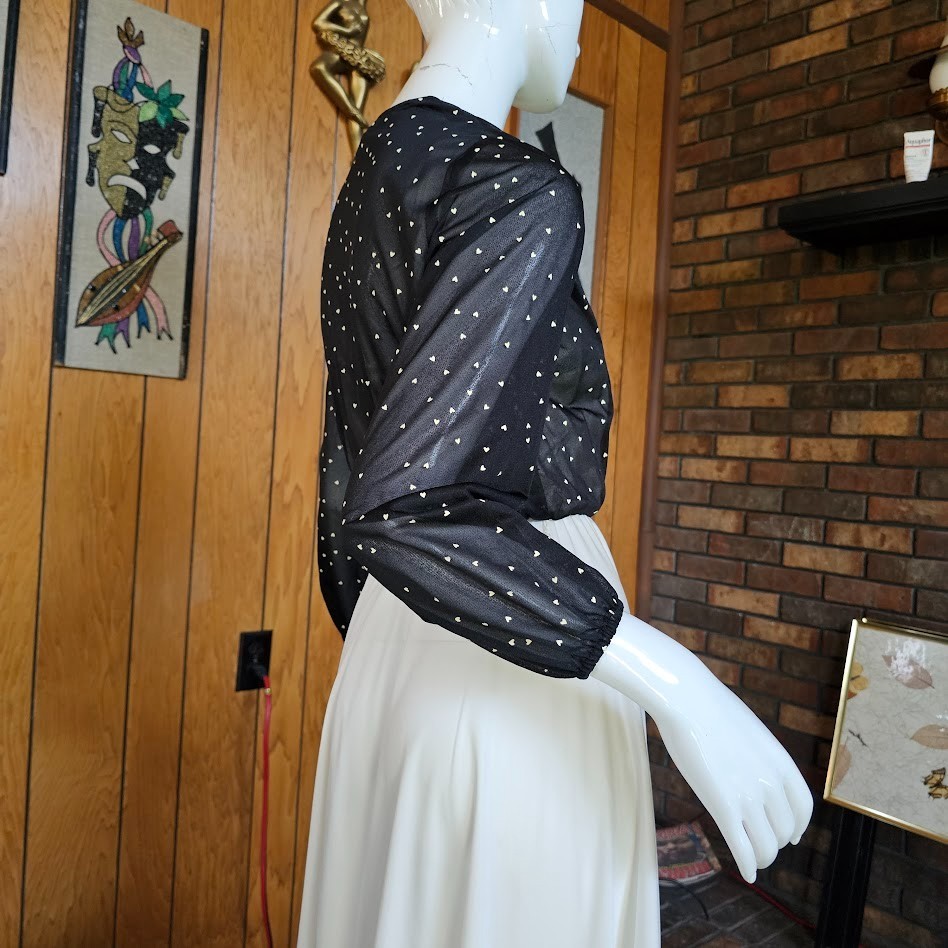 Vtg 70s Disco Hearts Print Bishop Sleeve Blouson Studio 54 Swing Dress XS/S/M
--
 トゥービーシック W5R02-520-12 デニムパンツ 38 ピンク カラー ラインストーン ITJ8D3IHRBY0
...
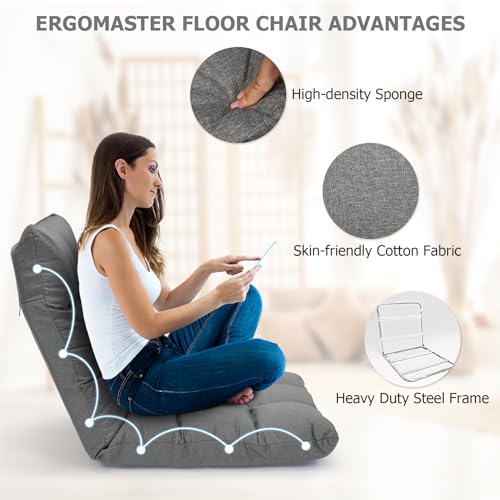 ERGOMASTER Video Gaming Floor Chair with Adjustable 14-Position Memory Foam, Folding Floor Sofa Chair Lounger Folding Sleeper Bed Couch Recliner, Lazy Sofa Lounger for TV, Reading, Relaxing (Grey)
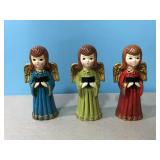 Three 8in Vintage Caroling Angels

_The problem_.
Give again, exactly as written above, every line from the one holding "ERGOMASTER Video Gaming" to the one holding "Three 8in Vintage Caroling Angels", with both ends kept and the pictures left out.

_Problem solution_.
 ERGOMASTER Video Gaming Floor Chair with Adjustable 14-Position Memory Foam, Folding Floor Sofa Chair Lounger Folding Sleeper Bed Couch Recliner, Lazy Sofa Lounger for TV, Reading, Relaxing (Grey)
 Three 8in Vintage Caroling Angels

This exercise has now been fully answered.